Do you remember those posters where you are asked to find Waldo hidden amongst thousands of other cartoon characters? That is your product in a retail grocery store.
Last week I had the chance to walk a few stores with an industry friend who is trying to expand the distribution of his brand. We stood in the middle of an aisle that had cliff-like shelves running down both sides of an expansive span of polished concrete. It felt like the grocery version of the Grand Canyon. It was overwhelming.
I paused and asked him, “Tell me, if I was unfamiliar with your brand or its products, how would I discover them here in this aisle?” I’ve written about the fact that getting on the shelf is the battle, but getting off it the war. Distribution without discovery is deadly. It remains the most repeated mistake made by young Natural Product brands.
As a founder, you need to prioritize discovery over distribution. Assess the fit of every new opportunity for retail expansion by asking these simple questions:
1. How are my products going to be discovered?
2. What can be done to drive trial?
Discovery is both an investment and a partnership. When you launch into new retail outlets, you must be prepared to invest in driving awareness and trial. This investment can be in many forms; social media, trade spend, events, demos, and more. It is also a partnership, and this is something often overlooked. The retailers hold some responsibility for discovery, and you should only work with those who understand that it is a shared objective.

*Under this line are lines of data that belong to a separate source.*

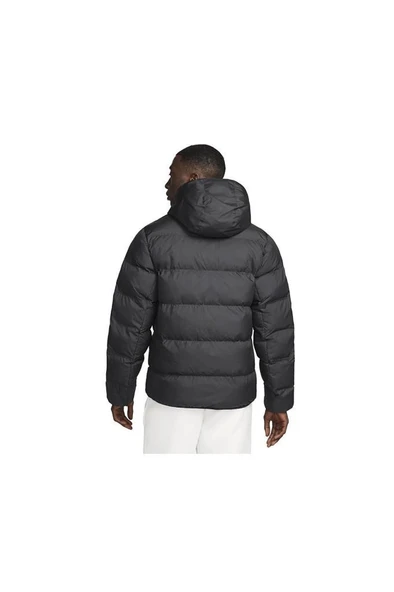 Nike Sportswear Storm-Fit Windrunner DR9605-010 Siyah Erkek Kaz Tüyü Mont - 2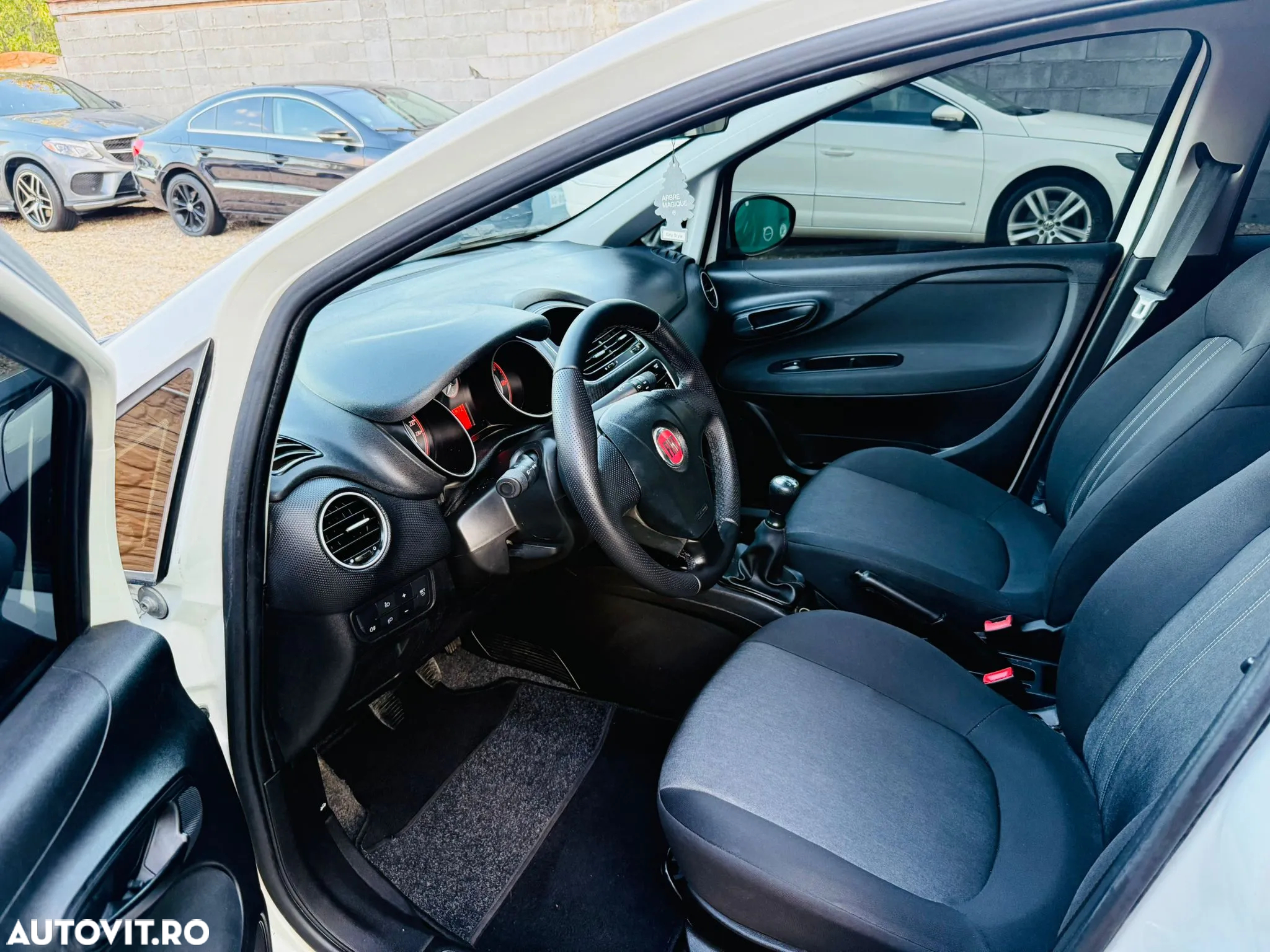 Fiat Punto - 7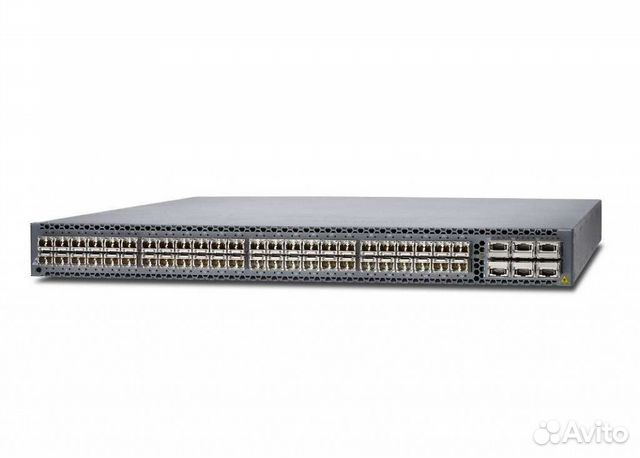 Коммутатор Juniper QFX5100-48S-AFI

Most retailers have tools that aid in discovery. These include merchandising opportunities such as end caps, secondary placements, and impulse fixtures. They also include digital and physical ads and other promotional vehicles. None of these are free, but having access to them is crucial. Part of any negotiation on the rollout of product into stores should include a conversation around these tools and an agreement of which will be used and at what cost. The hope being that the retailer discounts some of these weapons to help stack the deck in favor of a successful launch.

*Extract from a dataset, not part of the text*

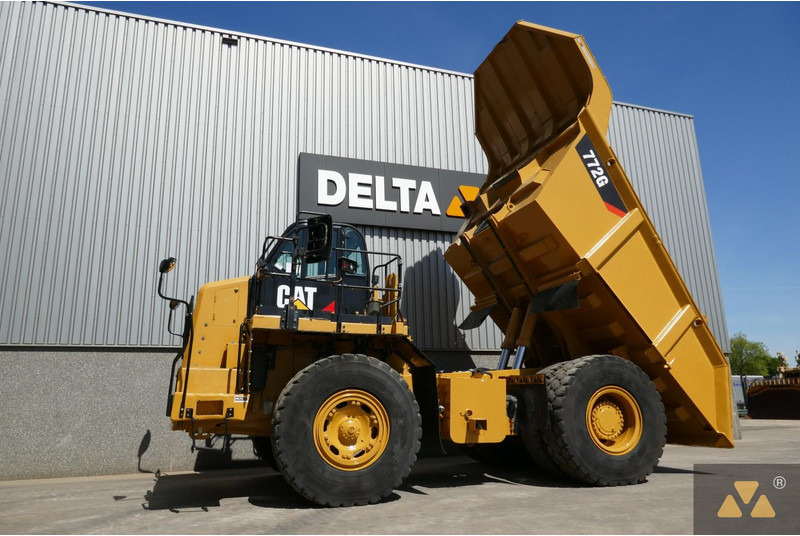 Caterpillar 772G Caterpillar 772G: slika 13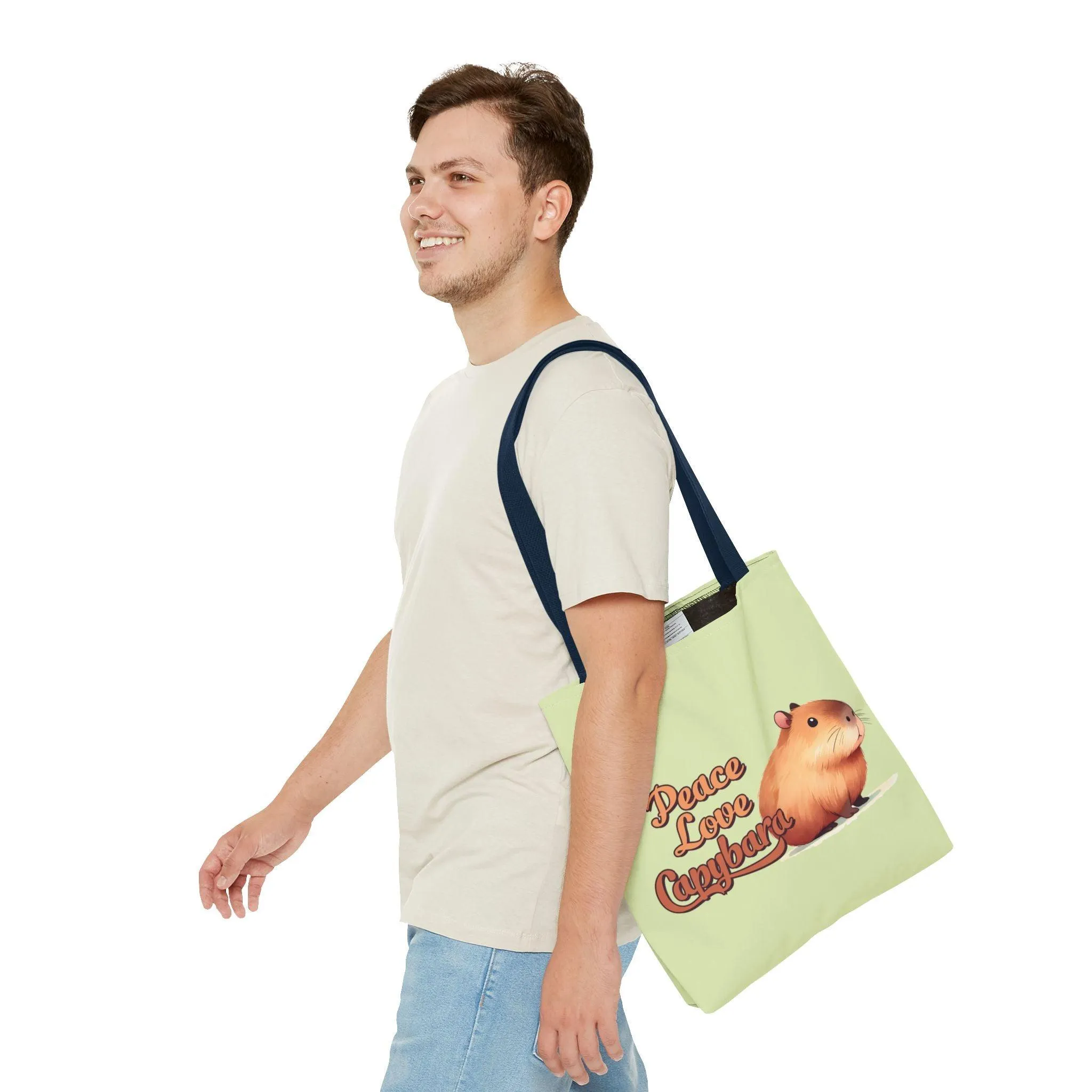 Bolso Capibara y Sapo Con Estilo/Bolso Amante de Capibara/Bolso Amante Sapos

Here is where discipline comes into the equation. If you are confronted with the opportunity to expand into a retailer that either does not offer you access to these tools or prices you out of them, say no thank you. I understand that might not be easy. It may be a retailer that you want, one that follows a review schedule that will require you to wait another year to try again. However, until the brand is ubiquitous, you don’t want to go into any new distribution without having every possible arrow in your quiver to help create discovery and drive trial. It is just not a risk worth taking.
Retail expansion is alluring. It is hard not to get caught in its tractor beam. However, again, distribution without discovery is deadly. It is all but sure to increase your burn rate, decrease your average velocity, and put your brand at risk. Don’t bet your brand’s future on the consumers’ ability to find Waldo.